This result was checked by a slightly modified calculation which I do not present here. It possesses two sum terms proportional to the tensors $δ_{i j} - \frac{k_{i} k_{j}}{{| k |}^{2}}$ and $\frac{k_{i} k_{j}}{{| k |}^{2}}$ describing transversal and longitudinal diffraction (or diffusion) of the light beam during propagation.

In the special case of an isotropic cold plasma with the permittivity $ε (ω) = 1 - \frac{ω_{p}^{2}}{ω^{2}}$ setting $ω_{l} = ω_{p}, ω_{t} = 0$ the formulae (10.1) for the group velocity and (10.10) for the diffraction coefficients simplify to

$v_{i} = c \frac{c | k |}{ω} \frac{k_{i}}{| k |} = c \sqrt{1 - \frac{ω_{p}^{2}}{ω^{2}}} \frac{k_{i}}{| k |}, \Rightarrow k v = ω (1 - \frac{ω_{p}^{2}}{ω^{2}}),$ (10.11)

that due to taking into account the frequency dispersion does not agree with (6.9). For the diffraction coefficients one finds

$W_{i j} = \frac{c^{2}}{ω} {δ_{i j} - \frac{k_{i} k_{j}}{{| k |}^{2}} + \frac{ω_{p}^{2}}{ω^{2}} \frac{k_{i} k_{j}}{{| k |}^{2}}},$ (10.12)

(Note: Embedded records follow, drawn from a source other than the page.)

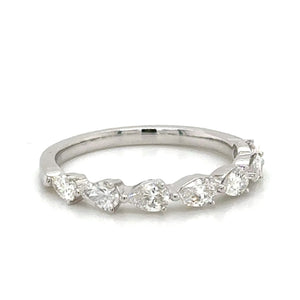 0.73ct tw Pear Shape Horizontally Set Half Eternity Band Ring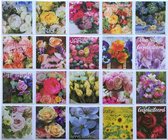 Cartes de vœux d'Anniversaire - Fleurs - 20 Pièces - 12 x 11 cm - L-153
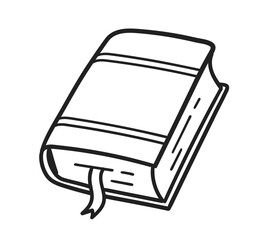 Vector illustration of a closed book with bookmark in simple line art style.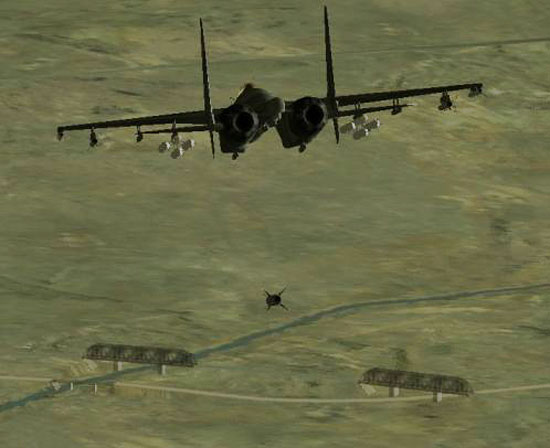I then oriented the aircraft to the first bridge, and locked onto the laser designator, then fired.
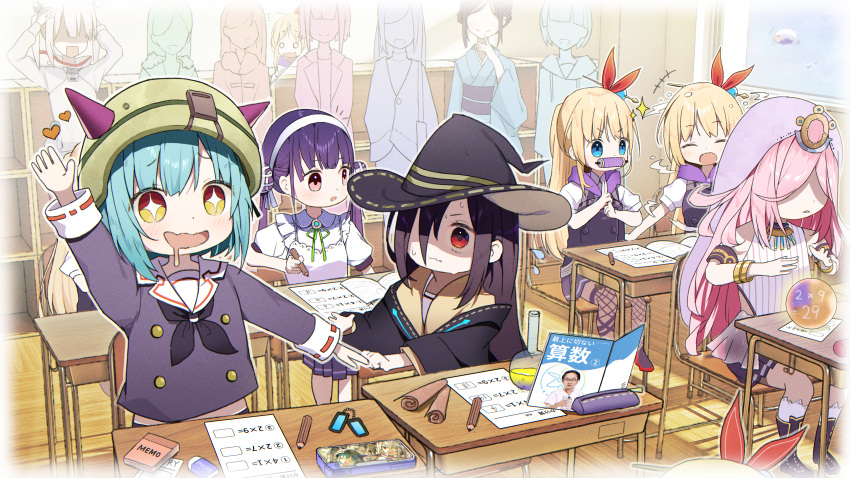 +++ +_+ 6+girls absurdres aged_down asymmetrical_bangs black_neckerchief black_robe blonde_hair blue_kimono bob_cut book bun_cover bungo_yayoi chair classroom clone closed_eyes crystal_ball desk double_bun dress drooling faceless faceless_female fake_horns fishnet_thighhighs fishnets flask flying_sweatdrops fur-trimmed_jacket fur_trim furrowed_brow green_headwear green_ribbon hair_bun hair_over_one_eye hands_on_own_head hat headband heart heaven_burns_red highres holding holding_pencil horned_headwear horns indoors jacket japanese_clothes kanzaki_adelheid kimono kuji-in leotard long_hair long_sleeves looking_at_another mouth_drool mouth_hold multicolored_eyes multiple_girls neck_ribbon neckerchief notice_lines obi open_mouth paper pencil pencil_case pink_hair pleated_skirt ponytail puffy_short_sleeves puffy_sleeves purple_hair purple_shirt purple_skirt red_eyes ribbon rinki_oohen robe round-bottom_flask sakuraba_seira sash satsuki_mari school_chair school_desk scroll shaded_face shirt short_hair short_sleeves sidelocks sitting skirt sleeve_cuffs sparkle standing team_31c_(heaven_burns_red) tenne_miko thigh-highs twintails v-shaped_eyebrows veil very_long_hair white_dress white_headband white_leotard wide_sleeves witch_hat yamawaki_bon_ivar yellow_eyes
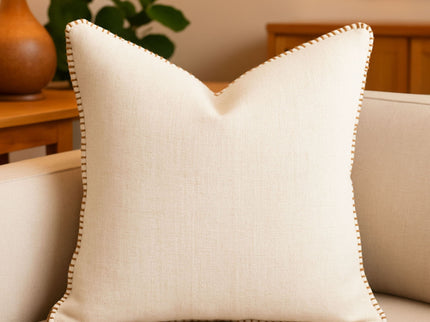 Homey Cozy - Throw Pillow With Decorative Stitching - Ivory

and it contains also a term proportional to $\frac{k_{i} k_{j}}{{| k |}^{2}}$ leading to a diffusion in longitudinal direction of the beam.

Without taking into account the dispersion we would obtain from (10.2)

${W^{'}}_{i j} = \frac{c^{2}}{\sqrt{ε (ω)}} (δ_{i j} - \frac{k_{i} k_{j}}{{| k |}^{2}}),$ (10.13)

that is without a “longitudinal” contribution proportional to $\frac{k_{i} k_{j}}{{| k |}^{2}}$ .

In Figure 4 we represent the permittivity $ε (ω)$ (blue curves) together with the group velocity in relation to the light velocity without taking into account dispersion of the permittivity $α (ω) (\equiv α_{disp} (ω))$ (yellow curves) and with taking it into account as $β (ω) \equiv \frac{| v |}{c}$ (red curves) for the passive ( $ω_{l} > ω_{t}$ , to the left) and the active case ( $ω_{t} > ω_{l}$ to the right). In the passive case we see that the group velocity remains smaller than the light velocity in every case and that it is real-valued in regions where $ε (ω)$ is positive and that taking into account the dispersion the deviations in comparison to neglect of dispersion are important, in particular, in the neighborhood of the resonance frequency $ω_{t}$ and in the neighborhood of the “(longitudinal)” frequency $ω_{l}$ . In addition, the group velocity possesses in every case the same direction as the wave vector. In the region $ω_{t} \leq ω \leq ω_{l}$ no relation of group velocity to light velocity (red) is drawn because the group velocity is there imaginary. All is so as expected. However, the same picture for the active case (to the right) contains an unexpected surprise.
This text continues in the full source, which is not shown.